# [Try it]
Output the listing word for word, minus pictures.

# [Data excerpts]
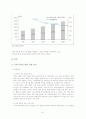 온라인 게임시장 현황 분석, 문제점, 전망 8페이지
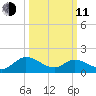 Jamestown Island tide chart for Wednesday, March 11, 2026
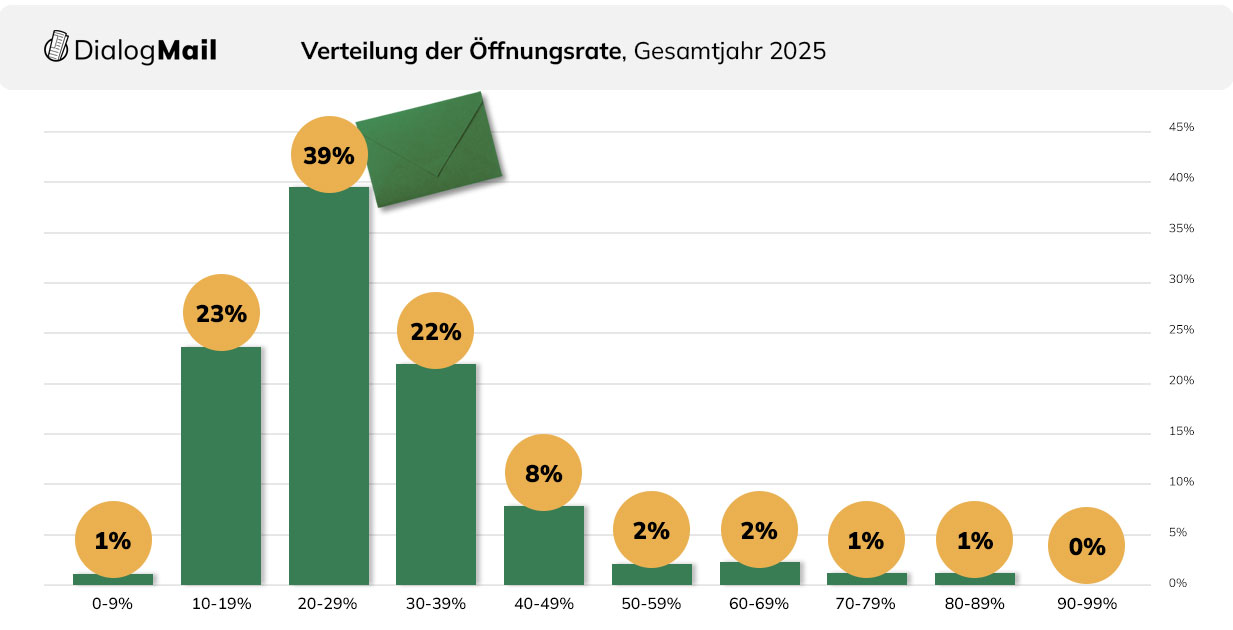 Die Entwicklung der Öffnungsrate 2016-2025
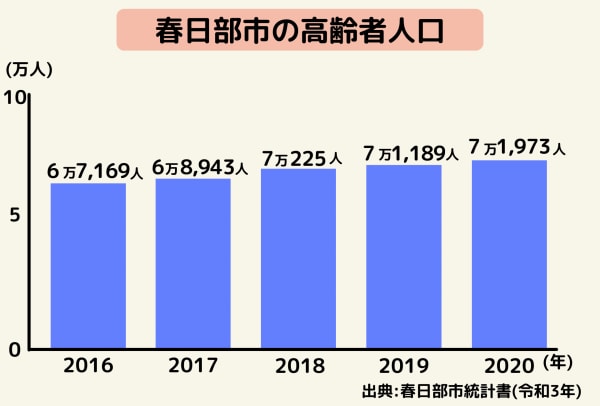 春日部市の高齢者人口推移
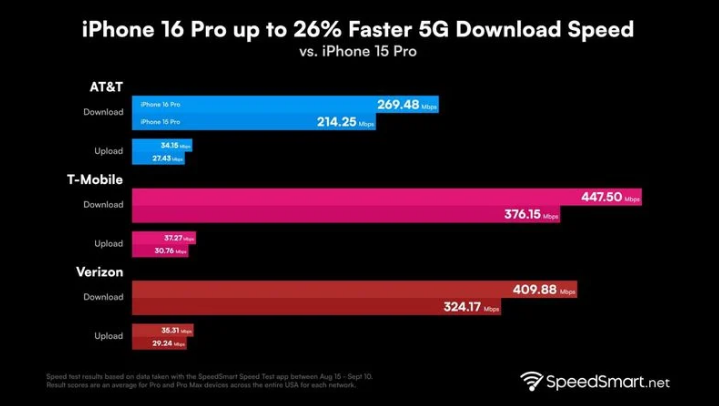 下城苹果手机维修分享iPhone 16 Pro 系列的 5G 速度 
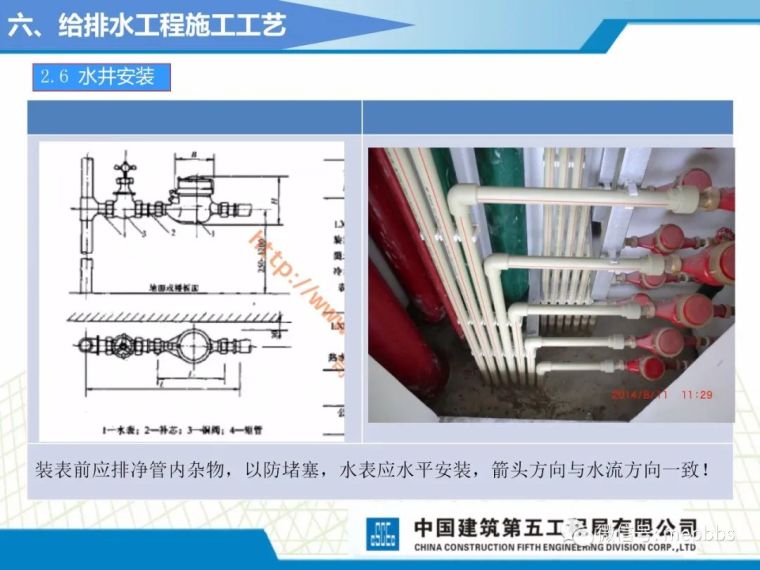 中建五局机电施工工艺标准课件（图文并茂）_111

# [Result of this exercise]
 온라인 게임시장 현황 분석, 문제점, 전망 8페이지
 Jamestown Island tide chart for Wednesday, March 11, 2026
 Die Entwicklung der Öffnungsrate 2016-2025
 春日部市の高齢者人口推移
 下城苹果手机维修分享iPhone 16 Pro 系列的 5G 速度 
 中建五局机电施工工艺标准课件（图文并茂）_111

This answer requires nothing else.